This question follows on from this discussion :
The objective here is to…
- publish guaranteed messages, and
- be certain that the broker receives them in the order in which they were generated so that re-ordering does not have to be done on the subscriber side (for reasons summarised in the linked thread), and
- Avoid introducing logic that may unnecessarily cause duplicate publication (ie, try to achieve exactly-once delivery insofar as it is actually possible to do that).
To that end I have decided to use a transaction as a way of sending and then committing batches of messages, with retry performed at the level of the whole batch. In simplified pseudocode…
while (messages to publish and batch is not full) add message to batch
do
foreach (message in batch) Send()
Commit()
while (commit failed)
The solution makes use of a last value queue and queue browser to handle edge-case commit failures, and a ring-buffer of pre-allocated messages, which accounts for the bulk of the code not directly related to the above pseudocode.
The .csproj can be found on github .
What I have noticed is that the Commit()
call takes quite a long time - between 100 and 130 milliseconds.

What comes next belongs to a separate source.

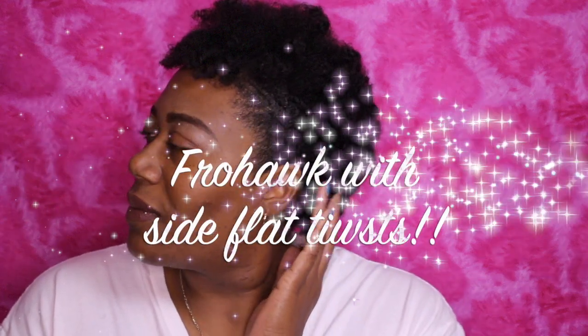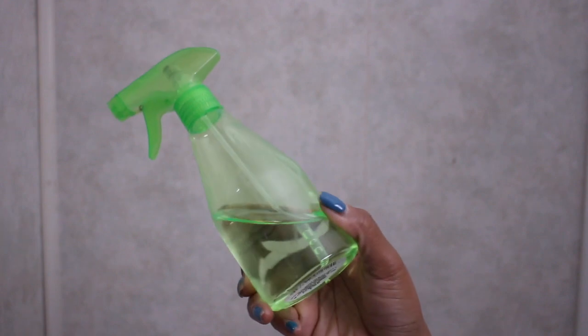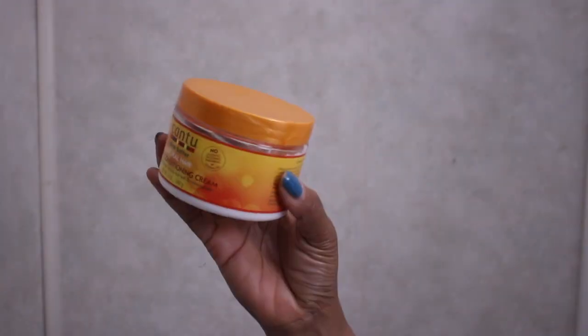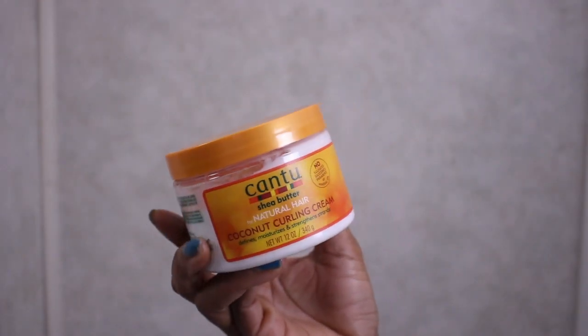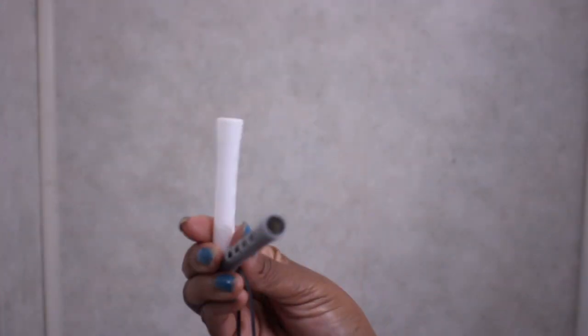Hello and welcome back to my channel! Today I'm creating my first faux hawk with side flat twist. I'm going to use a spray bottle with just water, eco style gel, olive oil. I'm using the lock method with my leave-in conditioning cream by Cantu, EVOO oil, and for my moisturizer I'm using the coconut curling cream by Cantu.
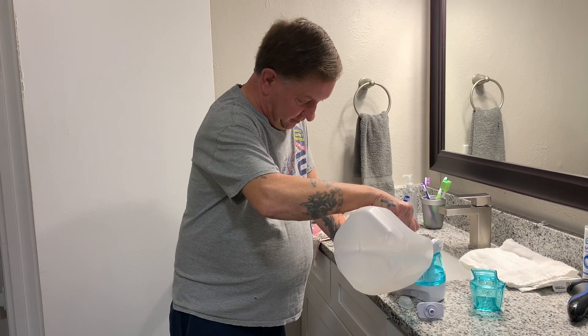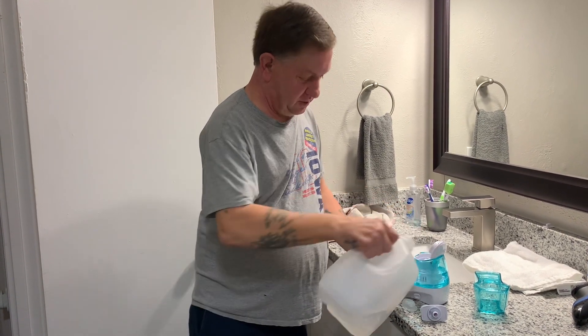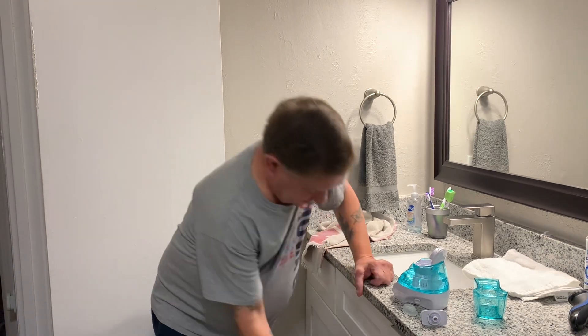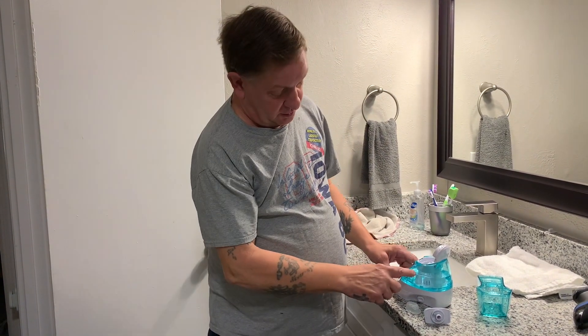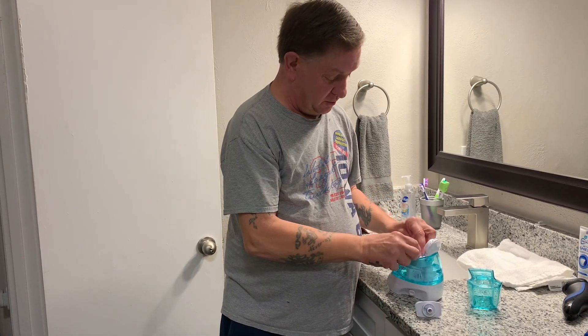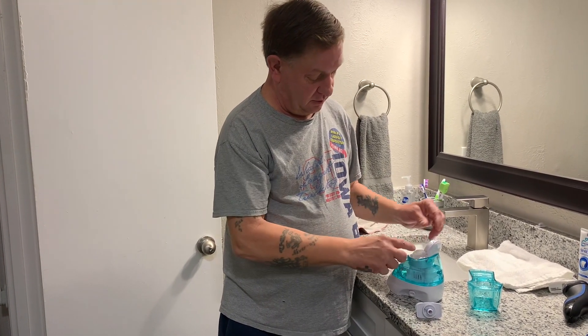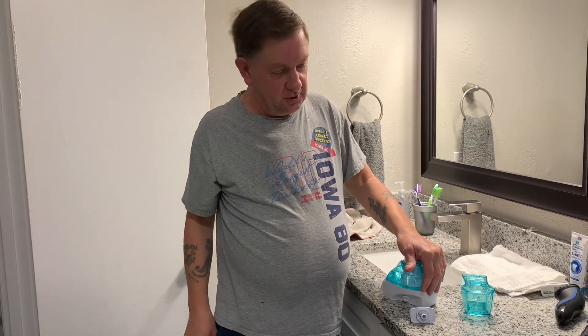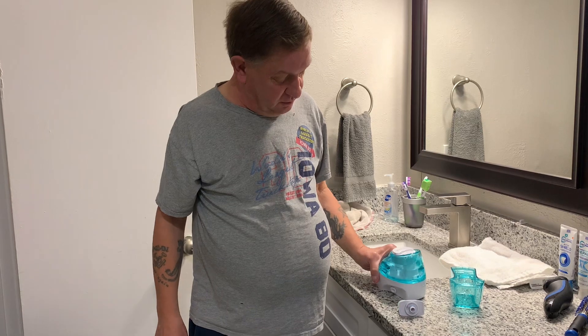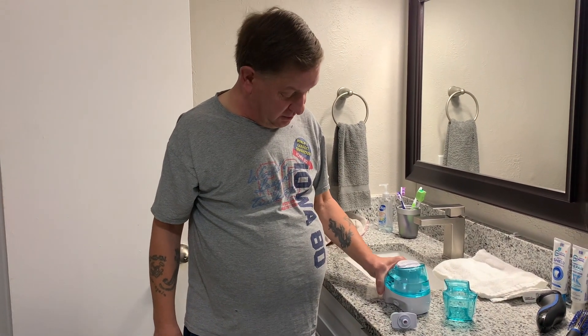That is the only water you can use in here. Otherwise you might get contaminated from your city water. So you fill it up with water to the line, then you take the pod and put it in here and push down — it will release the saline solution into the water. Just give it a little shake, but not too much because it will spill at the top.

Here’s the send-and-commit block .
The overall throughput is heavily dependent on the duration of the Commit()
operation, since I have to block on that call before starting the next batch (otherwise the retransmission of the batch would put messages out of order in the overall sequence).
Using this technique, one would expect the maximum message rate per second to be roughly: commit_batch_size * 1000 / commit_wait_in_ms
which is 1600 messages per second if batch size is 200 and the commit blocks for ~125 milliseconds. And that is indeed what I am seeing.
I have a separate project which I am using to measure the “ping time” to the broker (the time to send one message and get an ack or nack), which for me averages around 20 ms. So the Commit seems to have about 100ms of overhead not accounted for by pure latency.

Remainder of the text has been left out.